Observability & Monitoring: The Unified Blueprint

To ensure consistent operational visibility across wealthview, hud, operatorvoice, and Wikantik, all services must adhere to this unified monitoring standard. We prioritize OpenTelemetry (OTel) for instrumentation and Prometheus/Grafana for collection and visualization.

1. Metric Standards: The RED and USE Methods

Every service in the ecosystem must produce metrics following these two industry-standard methodologies.

1.1 The RED Method (Request-Driven Services)

For synchronous services (APIs, Gateways), track:

(R)ate: Number of requests per second.
(E)rrors: Number of failed requests (non-2xx for HTTP, non-0 for gRPC).
(D)uration: Time taken to process requests (P95 and P99 latencies).

1.2 The USE Method (Resource-Driven Components)

For infrastructure or background workers, track:

(U)tilization: Average time the resource was busy (e.g., CPU, Thread Pool).
(S)aturation: The degree to which extra work is queued (e.g., Queue Depth, Disk I/O Wait).
(E)rrors: Count of error events at the resource level.

2. Implementation: OpenTelemetry (OTel)

Services must use the OTel SDK to ensure vendor-neutrality.

2.1 Standard Resource Attributes

Every exported metric must include these standard tags to enable unified filtering in Grafana:

resource_attributes:
  service.name: "wealthview-api"
  service.namespace: "prod"
  deployment.environment: "production"
  host.name: "${HOSTNAME}"

2.2 Prometheus Metric Naming

Use the following naming convention to prevent metric collisions:

<service_name>_<subsystem>_<unit>_<type>
Example: wealthview_ingestion_transactions_total (Counter)
Example: hud_render_latency_ms_bucket (Histogram)

3. Health Check Integration

Metrics alone are insufficient.

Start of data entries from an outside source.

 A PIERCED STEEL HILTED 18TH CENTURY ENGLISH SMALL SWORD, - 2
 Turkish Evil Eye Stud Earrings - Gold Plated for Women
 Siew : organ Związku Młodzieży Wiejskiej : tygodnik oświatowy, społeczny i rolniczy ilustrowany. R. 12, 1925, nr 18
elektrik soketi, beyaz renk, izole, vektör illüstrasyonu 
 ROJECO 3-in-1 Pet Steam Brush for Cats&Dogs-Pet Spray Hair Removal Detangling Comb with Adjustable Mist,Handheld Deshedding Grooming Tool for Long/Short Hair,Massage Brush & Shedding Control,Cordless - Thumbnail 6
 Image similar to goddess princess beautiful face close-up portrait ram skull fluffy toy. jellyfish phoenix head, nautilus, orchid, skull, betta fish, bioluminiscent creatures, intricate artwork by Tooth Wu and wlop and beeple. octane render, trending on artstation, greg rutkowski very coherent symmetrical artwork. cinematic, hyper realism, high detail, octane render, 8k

Services must implement the Health Check Triad as defined in HealthCheckPatterns:

Probe	Path	Logic
Startup	`/health/startup`	Returns 200 after internal caches/DB migrations are complete.
Readiness	`/health/ready`	Checks downstream connectivity (e.g., Plaid API, Redis).
Liveness	`/health/live`	Minimal check (e.g., thread-pool heartbeat).

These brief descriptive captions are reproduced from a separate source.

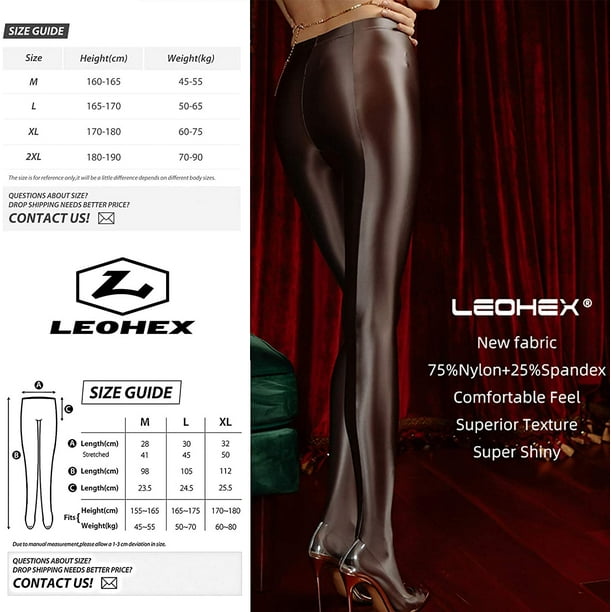 LEOHEX Satin GLOSSY OPAQUE Pantyhose Shiny Wet Look Tights Sexy Stockings  Yoga Pants Leggings -  Canada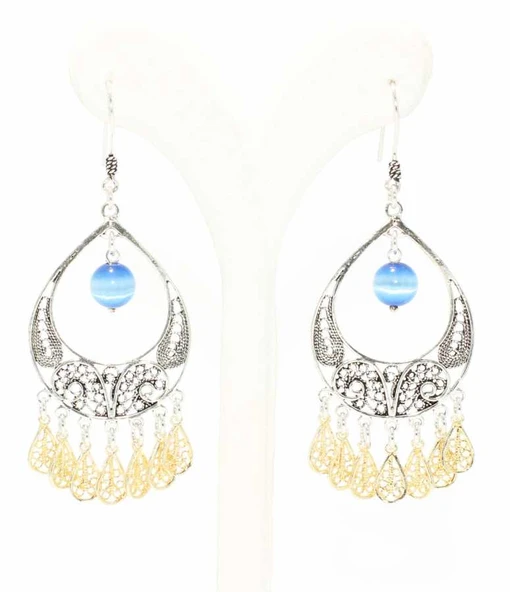 925 Ayar Gümüş Ay Modeli Mavi Kedi Gözü Taşlı Küpe ürün görseli 1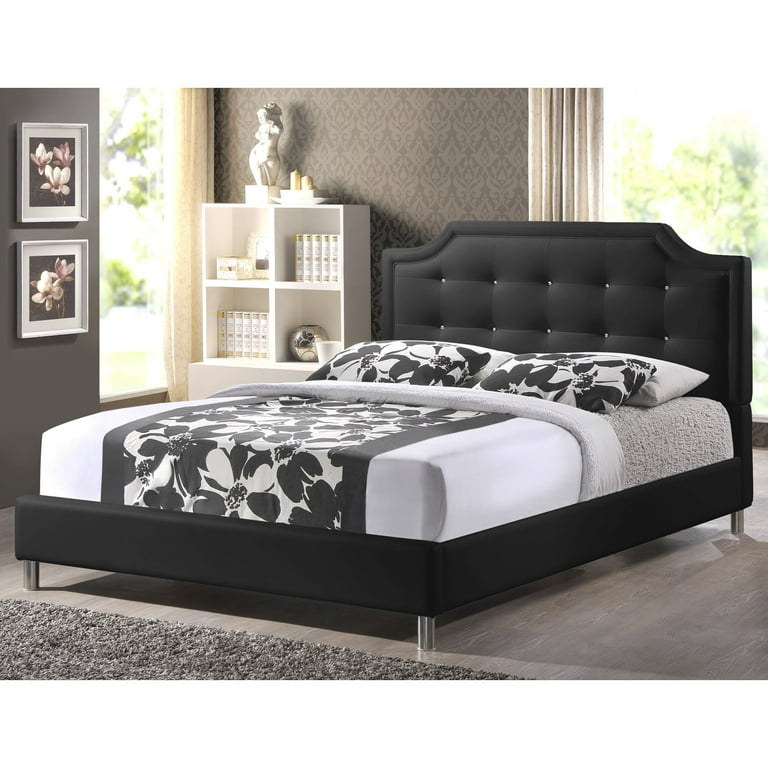 Baxton Studio Carlotta Black Modern Bed with Upholstered Headboard - King Size Baxton Studio Carlotta Black Modern Bed with Upholstered Headboard - King Size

4. Grafana Visualization Standards

A "Golden Signal" dashboard must exist for every project, containing:

Traffic Overview: RED metrics for the ingress layer.
Saturation Heatmaps: USE metrics for database and message brokers.
Error Breakdown: Rate of 4xx vs 5xx errors, or "Drift" alerts for AI models.
Health Ribbon: Status of the 3 probes (Startup, Readiness, Liveness) across all replicas.

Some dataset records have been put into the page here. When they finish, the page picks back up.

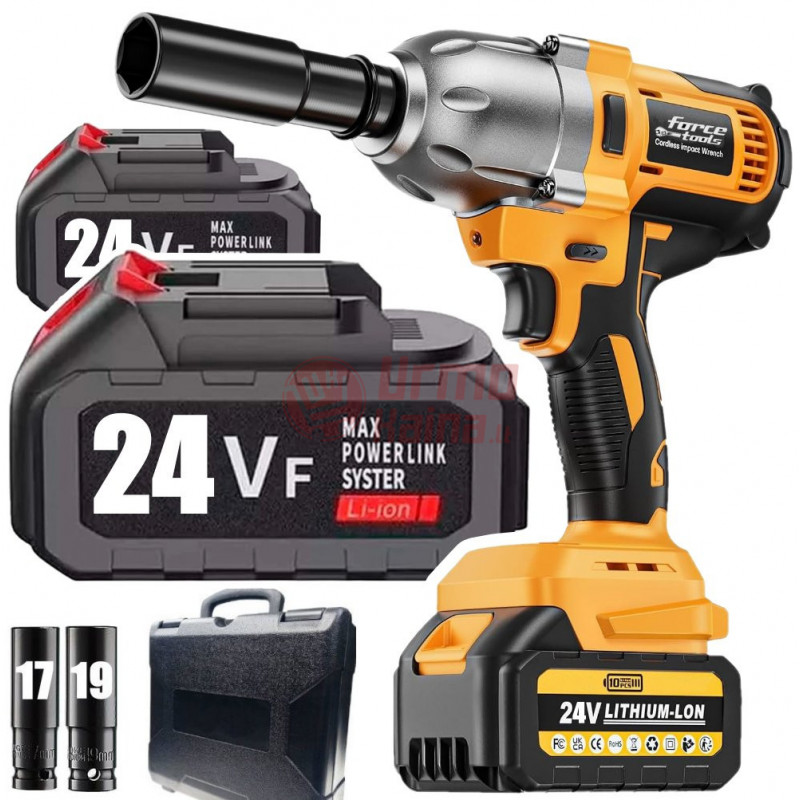 Akumuliatorinis smūginis veržliasukis FORCE TOOLS RK4056 + kroviklis, 2 akumuliatoriai ir 2 galvutės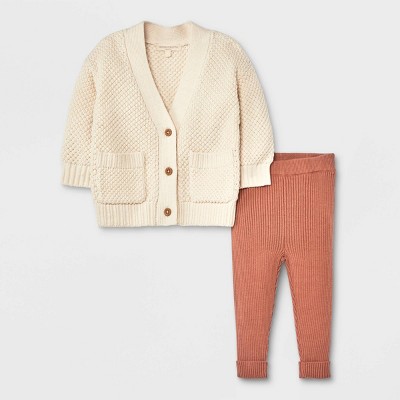 Image of Grayson Collective Baby Cardigan & Ribbed Leggings Set - Cream/Brown 3-6M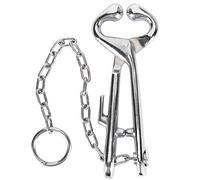 Cow Nose Pliers | Stainless Steel Cattle Nose Ring Pliers with Chain | Automatic Locking Traction Clamp for Livestock/Farm/Ranch | 20cm Length, 649g Weight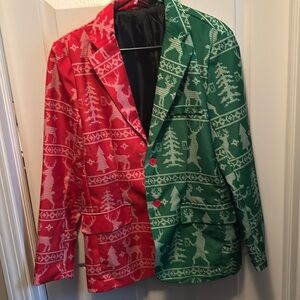 Dec 25th Men’s Red Green Christmas Reindeer Tree Party Blazer size Medium Ugly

5. RAG Implementation Hook

For an agent instrumenting a new service (e.g., operatorvoice), the prompt should be:

"Following the ObservabilityAndMonitoringBlueprint, instrument this Python service with OpenTelemetry to track RED metrics for the voice-interaction loops and expose a /health/ready endpoint that verifies the STT and TTS service connectivity."